Achieving Disaster Recovery SLAs in Minutes with Cohesity

By Jon Hildebrand • April 25, 2019

When it comes to disaster recovery, everyone can agree that it’s very complicated. Many organizations have problems with ensuring basic backup and recovery is taken care of, let alone working on the next step for protecting an organization’s business. Recently, at Cloud Field Day 5, we announced our workflows on the Cohesity platform that can be leveraged for disaster recovery, depending upon the proposed recovery SLA. Unfortunately, we were unable to discuss the shortest recovery SLA option, which we’ve called Failover/Failback, so I’ll do that in today’s blog.

Here is What you Need to Know

An overview of Failover and Failback using Replication

Let’s Get Started!

The process does technically differ depending on whether we are using a virtual machine or a Cohesity view. In this case, we are going to focus on a virtual machine object. To allow for Failover and Failback of a virtual machine that is protected, two tasks need to be performed:

  •  The first is to install the Cohesity agent onto the virtual machine that will be protected. While we will not protect the virtual machine with the agent, it is necessary for the Failback operation.
  •  The second is to enable Cloud Migration in the Advanced settings of a protection job. Enabling this option will force the protection job to communicate with the agent that has been previously installed on the virtual machine and it will verify the agent is running.

Enabling the Cloud Migration feature of a Protection Job on a Virtual Machine

During a typical protection job run, the initial backup to the local source occurs. Once the data is properly indexed, the Cohesity system will then begin to perform replication of the data over to the second source. This step is heavily dependent upon bandwidth and the time to complete the replication task can vary greatly, especially if the second source is in a public cloud. Once completed, the second source will now have a new protection job listed, with the same name as the first source. The newly replicated protection job will have an Inactive flag enabled, as shown below:

The Inactive flag appearing on a replication Cohesity Protection Job

By selecting Failover in the UI, an administrator can begin the process of selecting a new virtualization environment or public cloud environment. Once the source is selected, we will run through what is known as a CloudSpin operation. The CloudSpin operation will convert the workload to the appropriate environment’s machine type and power on the virtual machine.

After adding the converted virtual machine to the new environment, an administrator needs to configure a new protection job to enable backups of the new device. However, unlike in the primary environment, this protection job needs to be configured as a physical device. The reason for this configuration has to do with using the Cohesity agent. At this time, CloudSpin is unable to convert public cloud virtual machine formats to on-premises virtual machine formats. To ensure we can continue to protect the data, we use the Cohesity agent we installed into the operating system of the virtual machine.

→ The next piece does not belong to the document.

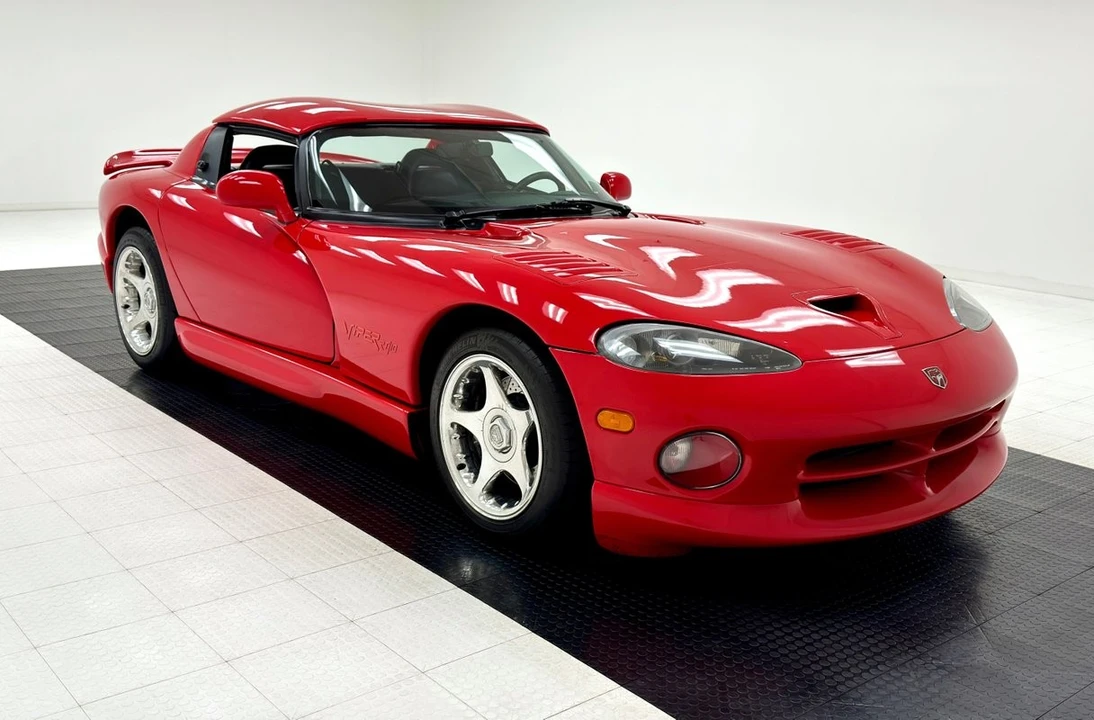 1998 Dodge Viper 2nd Gen - Image 9 of 12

In the event of a disaster, the virtual machine is now available, and its data is available on the new source.

Time for Failback

How do we go about getting this data back in the event we can recover to the primary site? At our secondary site, we configure replication to a Cohesity cluster (new or existing) to the primary site. We configure a protection job to replicate the backup data, and we follow the same procedure for creating a virtual machine in our primary site virtualization environment.

Now it’s your Turn!

Many enterprises have first-hand experience with how complex disaster recovery can be. Also, many enterprises haven’t implemented disaster recovery for this reason. By utilizing Cohesity and the cloud, we believe you can simplify disaster recovery while providing multiple recovery SLA options. We help reduce Failover and Failback times from hours to minutes, ensuring that your disaster recovery plan uniquely fits your business and application recovery needs.